### Data segment
================================

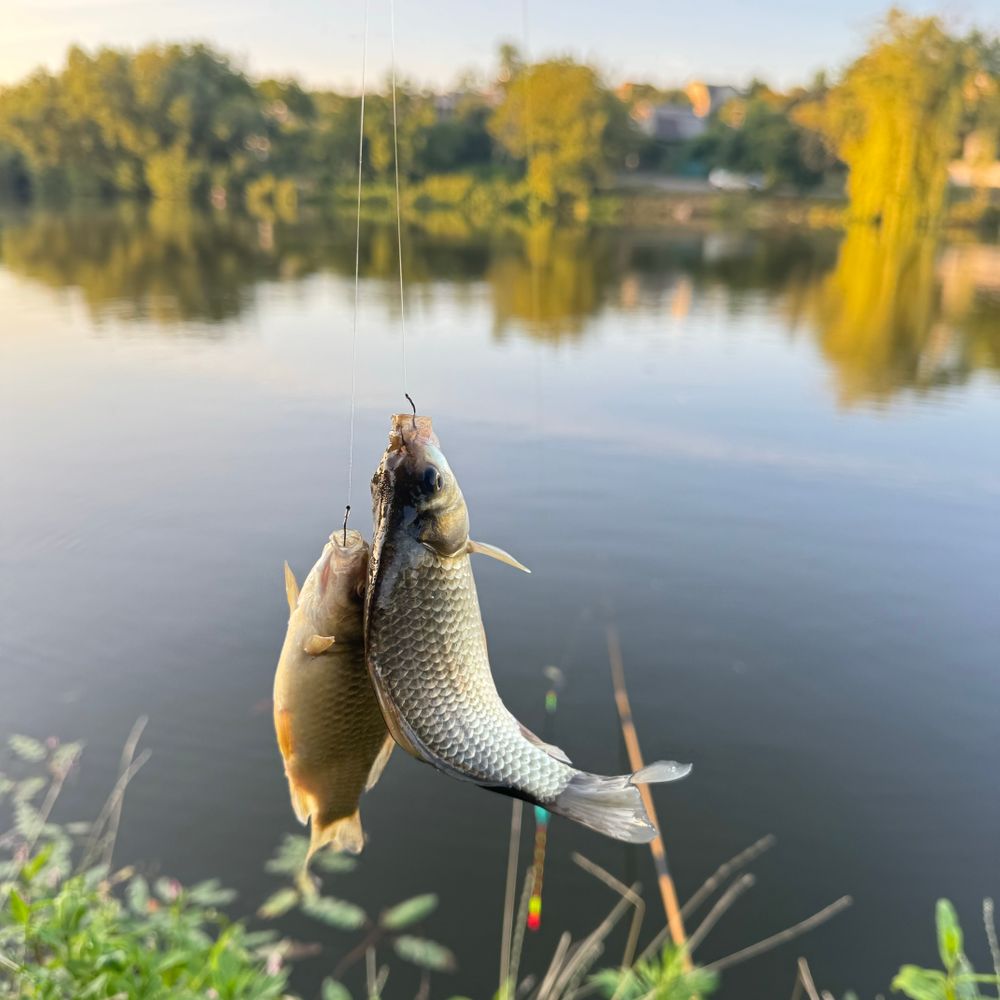 Лєзнєво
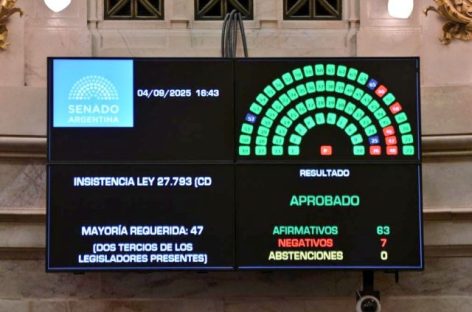 EL SENADO VOLTEÓ EL VETO DE MILEI DE LA LEY DE EMERGENCIA EN DISCAPACIDAD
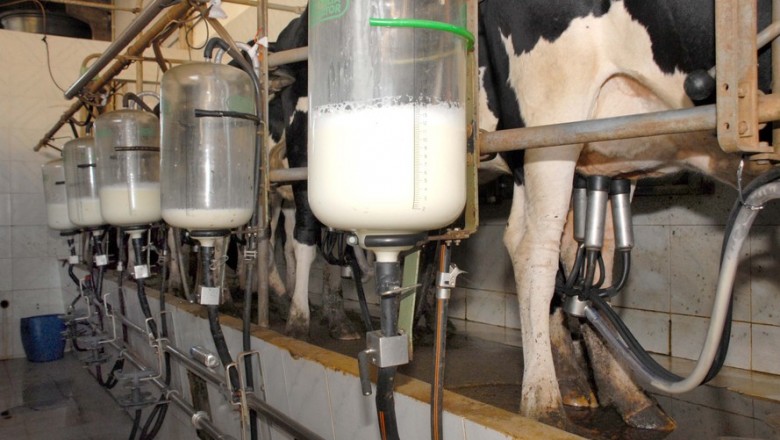 Paraná é o segundo maior produtor de leite do Brasil, confirma IBGE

================================

### Exercise goal
Without including any pictures, reproduce the data exactly.

### Answer
 Лєзнєво
 EL SENADO VOLTEÓ EL VETO DE MILEI DE LA LEY DE EMERGENCIA EN DISCAPACIDAD
 Paraná é o segundo maior produtor de leite do Brasil, confirma IBGE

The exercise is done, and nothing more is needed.